Но он и здесь идеализирует природу, он делает страсти обыкновенных людей так же красноречивыми, как у самых поэтических натур; он каждому лицу приписывает ту способность, которую Гёте придал своему Тассо[49], когда он говорит: «Между тем как другие безмолвно страдают, мне дан Богом дар высказывать мои страдания». Оттого каждое ощущение поэтического лица красноречиво, особенно у Шекспира, которого упрекать за это в неестественности было бы несправедливо, потому что этого требует идеализация. Французские же поэты большею частью остаются верными природе. Страсть выражается у них очень односложно: «О, боже!», «О, небо!», «О, господи!» – вот обычные восклицания их героев в минуты аффекта. Шиллер в этом отношении ближе других стоит к Шекспиру. Действительная Текла[50], услышав о смерти своего возлюбленного, наверно выражала свою скорбь отрывочными восклицаниями и бессвязными словами: поэтическая же Текла изливает свою скорбь в прекрасных строфах, благодаря которым читатель или зритель может узнать ее ощущения и сочувствовать ее горю.

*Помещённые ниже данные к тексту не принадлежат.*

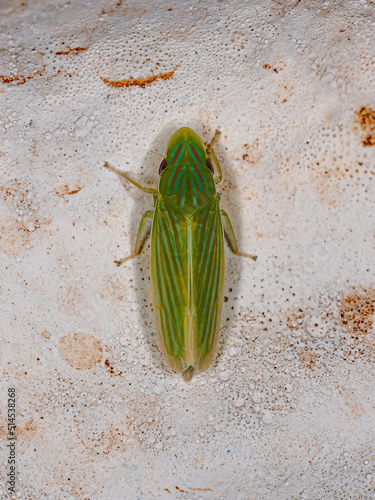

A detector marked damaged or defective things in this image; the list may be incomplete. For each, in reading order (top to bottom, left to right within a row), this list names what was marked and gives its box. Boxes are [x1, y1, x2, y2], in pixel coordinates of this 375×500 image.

rust stain [0, 67, 45, 86]
rust stain [101, 66, 179, 89]
rust stain [356, 105, 375, 146]
rust stain [340, 288, 374, 338]
rust stain [59, 334, 103, 370]
rust stain [300, 346, 318, 370]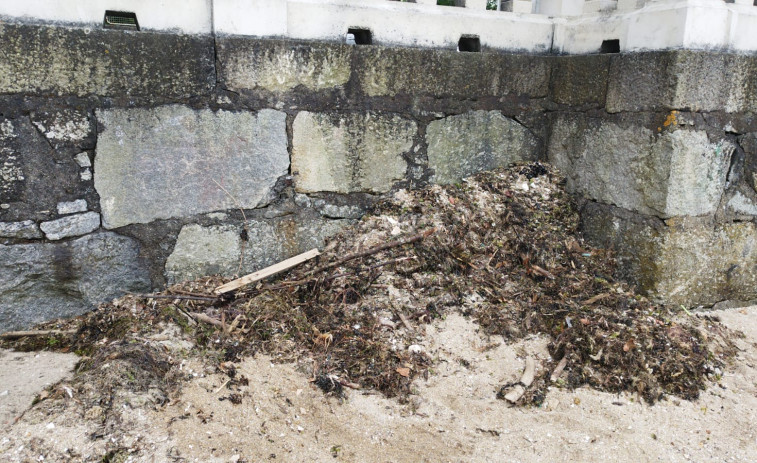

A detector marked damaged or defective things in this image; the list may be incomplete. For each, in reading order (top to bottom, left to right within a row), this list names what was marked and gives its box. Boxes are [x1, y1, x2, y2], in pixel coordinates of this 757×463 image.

broken stick [214, 248, 320, 296]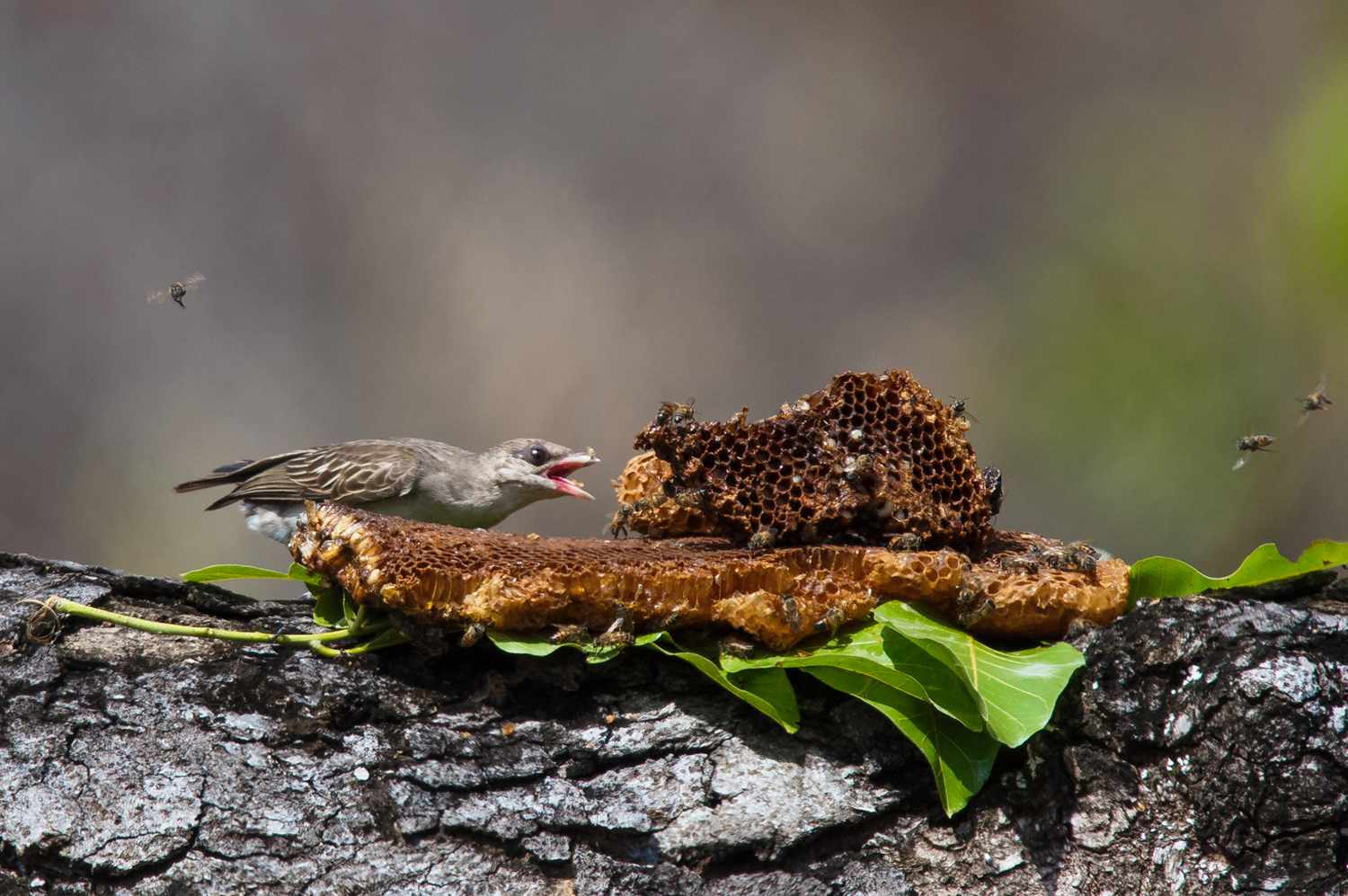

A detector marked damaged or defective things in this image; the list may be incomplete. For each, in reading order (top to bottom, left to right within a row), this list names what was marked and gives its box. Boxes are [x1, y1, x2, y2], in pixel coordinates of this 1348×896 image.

damaged hive [629, 367, 999, 550]
damaged hive [293, 503, 1129, 643]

В другом месте я подробно показал, что в области образовательных искусств гениальный художник не берет красоты у природы, но знает ее a priori, как бы предчувствуя то, что она стремится произвести; он понимает ее по намекам, по полуслову и в совершенстве изображает то, что не удалось ей вполне. То же самое относится и к поэту. Знание человеческого характера и вытекающего из него поведения не есть чисто эмпирическое, а только априорное или предчувственное. Поэт есть целый и полный человек, он носит в себе все человечество, имея о том ясное сознание. Благодаря этому у него есть знание человека вообще и умение отделить общечеловеческое от того, что принадлежит его собственной личности. Поэтому он в состоянии разделить в воображении собственное существо, насколько оно есть существо всего человечества, на множество различных индивидуальностей, затем a priori построить характеры и заставить каждого из них действовать сообразно с условиями, в которые он поставлен. Таким образом, поэт в творчестве своем исходит из познания человека вообще, из познания сущности человечества, познания, черпаемого им из собственного духа, но не из познания отдельного человека, которого наблюдал он. Вот отчего поэт может изображать даже то, чего он никогда не видал.

То, что делает поэт в области творчества, делает каждый из нас в деле суждения и оценки художественных произведений. Ибо всякий человек носит в себе все человечество, то есть зародыши и возможность всех страстей и наклонностей, к которым способен человек. Разница только в том, что мы не сознаем этого с той ясностью и осмысленностью, которые свойственны поэту; но зато каждый из нас в состоянии заметить правильность изображения даже в том случае, когда в нашем опыте нет вовсе оригинала, с которым могли бы сравнивать изображение. Вследствие этого, когда поэт выводит на сцену короля, показывая нам отношения его к своей семье или к министрам, то ему нет надобности непременно наблюдать жизнь при дворе, но он может из своего познания человека вообще построить известный характер и заставить его действовать сообразно с положением и условиями могущества и величия. Точно также и каждый из нас может судить, правильно или неправильно данное изображение, хотя бы лично и не видал известного предмета или лица. Шиллер в «Лагере Валленштейна» превосходно изобразил солдатский быт, которого он не имел случая наблюдать; точно так же и читатель, никогда не видавший солдатского быта, может верно оценить его превосходное описание. Вальтер Скотт[51]в своих «Рассказах трактирщика» описывает сцены, происходящие в притонах гнусных злодеев, и притом с такою живостью и правдой, что при чтении мы чувствуем наряду со страхом всю прелесть и правду описания. Однако, ни поэт, ни многие из нас не видали ничего подобного.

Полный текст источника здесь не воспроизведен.